Fig. 1 shows the dc voltage amplitude relative error percentage for the "proposed method" and the "comparative method" compared to the "reference method". As can be seen from fig. 1, the relative error of the "contrast method" is much larger than the "proposed method". The average value of the percentage of relative error of the DC voltage amplitude in the comparison method is 13.17 percent, and the average value of the percentage of relative error of the DC voltage amplitude in the proposed method is 3.41 percent. The experimental conclusion fully proves the effectiveness of the calculation method provided by the invention.
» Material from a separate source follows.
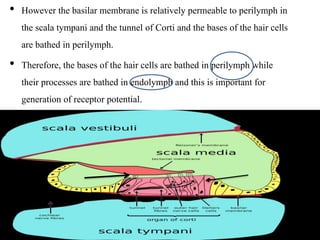 Periymph Inner ear 1 | PPTX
The main reasons are as follows:
the method belongs to a hard clustering method and has higher accuracy when the data features are distinct. However, the combined wind and light output has strong correlation and is easily influenced by many factors such as climate, geographical location, etc., and each object in the data set may have characteristics of two or more cluster sets. Therefore, when the scene division is performed, if each object in the data set is divided into a specific scene by using the K-means clustering algorithm, the result of the scene division is not accurate enough. The FCM algorithm adopted by the invention can overcome the defects. The FCM algorithm fuses the essence of a fuzzy theory, and obtains the membership degree of each sample point to all class centers by optimizing an objective function, so as to determine the class of the sample points. The similarity between the objects divided into the same cluster is the largest, the similarity between different clusters is the smallest, and the purpose of classifying the sample data is achieved.
The "contrast method" uses the rattan structure scale index Cramer Von Mise (CvM) distance measure which is the integral of the squared distance of the empirical cumulative distribution function and the target cumulative distribution function. The position distribution of the wind-solar combined output historical data has differences, and most of the differences are concentrated on the tail part. While CvM distance gives the same weight to all positional differences when considering the selection of the vine structure. Therefore, if the CvM distance is used as an evaluation, the key location of the data distribution will be difficult to get important considerations and concerns. If a large amount of wind and light data are distributed at the tail, the rattan structure selected based on the CvM rating index will seriously affect the modeling precision of the mixed rattan Copula. The AD distance chosen by the present invention is actually an improvement over the CvM distance. This weighting function is mainly used to evaluate the weight of the data location by adding a weighting function. Equivalently, higher weight is given when the square distance of the tail data is calculated; when the square distance of the intermediate data is calculated, smaller weight is given to the intermediate data, and the modeling precision of the rattan structure model can be more effectively tested.
While the invention has been described with reference to a preferred embodiment, it will be understood by those skilled in the art that various changes in form and detail may be made therein without departing from the spirit and scope of the invention.